With so many different, complementary technologies available, a major challenge was to develop a control philosophy to ensure the heating, cooling and power demands of TECA, including the hotels, are met. In addition to ensuring loads are met, the philosophy had to enable the various low carbon technologies to operate efficiently and effectively, to generate maximum possible revenue from the sale of heat, cooling, power and hydrogen.
‘For the overall viability of the scheme, the whole technology mix had to achieve a reasonable financial payback,’ says Telford.

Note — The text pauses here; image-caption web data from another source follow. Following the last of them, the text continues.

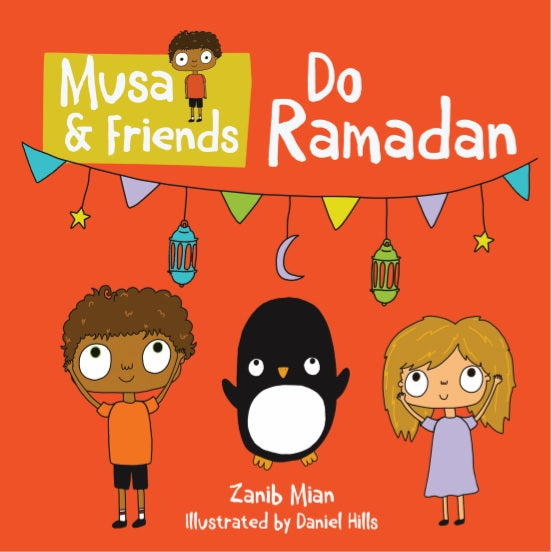 Book cover of Musa & Friends Do Ramadan by Zanib Mian, Daniel Hills (Illus.)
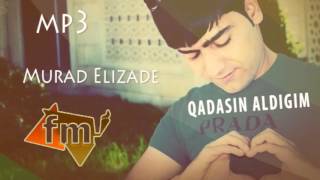 Murad Elizade - Qadasin aldigim 2017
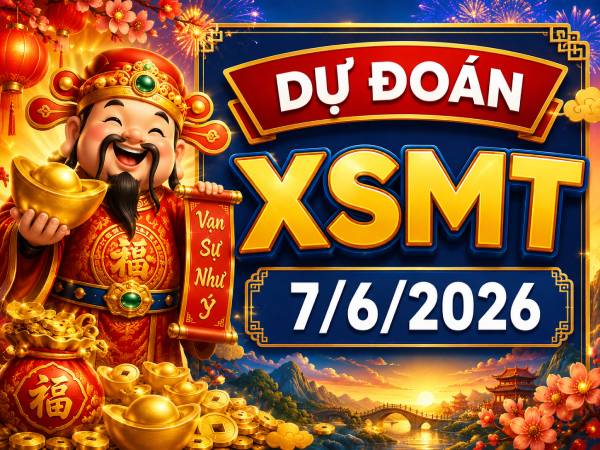 Dự đoán XSMT 7/6/2026 – Dự đoán miền Trung chủ nhật thần tài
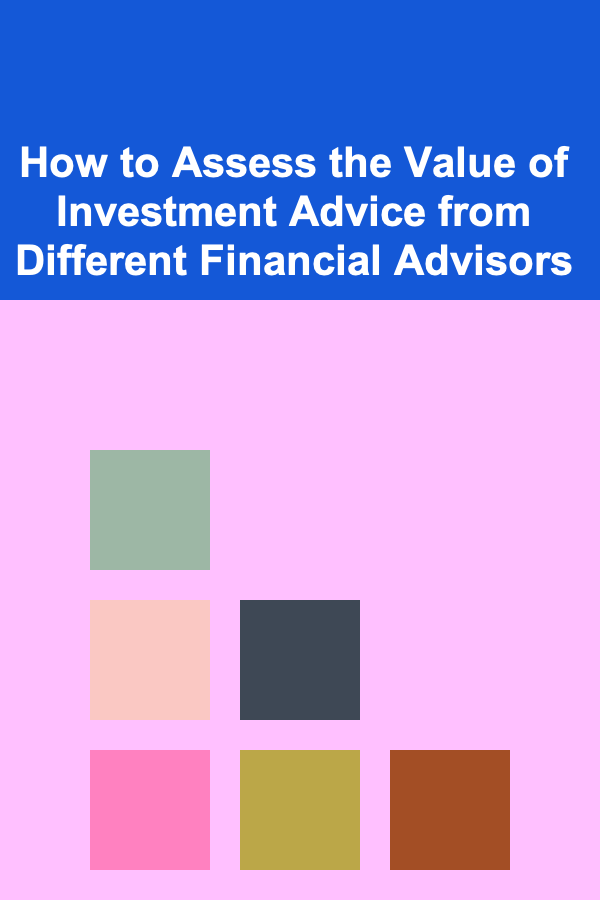 How to Assess the Value of Investment Advice from Different Financial Advisors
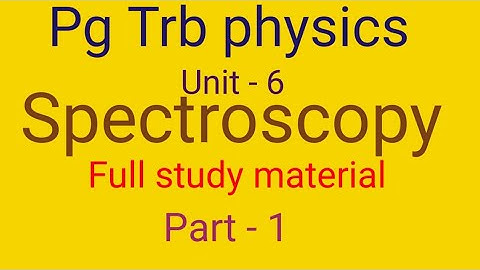 Pg trb physics - unit 6 spectroscopy - part 1 / pg trb physics study material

Hoval UltraGas gas-fired condensing boilers deployed as part of the heating system
To devise the optimal control solution, HDR | Hurley Palmer Flatt teamed up with the University of Strathclyde’s Energy Systems Research Unit (ESRU) under an Innovate UK-funded Knowledge Transfer Partnership (KTP). The project set out to develop an integrated suite of software tools to model and test hybrid energy centres against a range of demand profiles. The TECA project was used as a case study for the KTP, which received a B rating of ‘very good’. ‘We worked closely with academia to expand on the skills we already had in the office,’ says Mark Arthur, mechanical, director at HDR | Hurley Palmer Flatt.
The team was helped in its modelling by demand profiles provided by the original Aberdeen Exhibition and Conference Centre, which TECA has been built to replace. The team also sat down with TECA’s operators to discuss how they planned to use the facility – and which of the event and conference spaces were likely to be in use simultaneously – to build a predictive demand-side model. The modelling enabled the design team to test different operational scenarios, optimise plant sizing, and test the sequencing of different items of plant to best match its dynamic energy demand with supply.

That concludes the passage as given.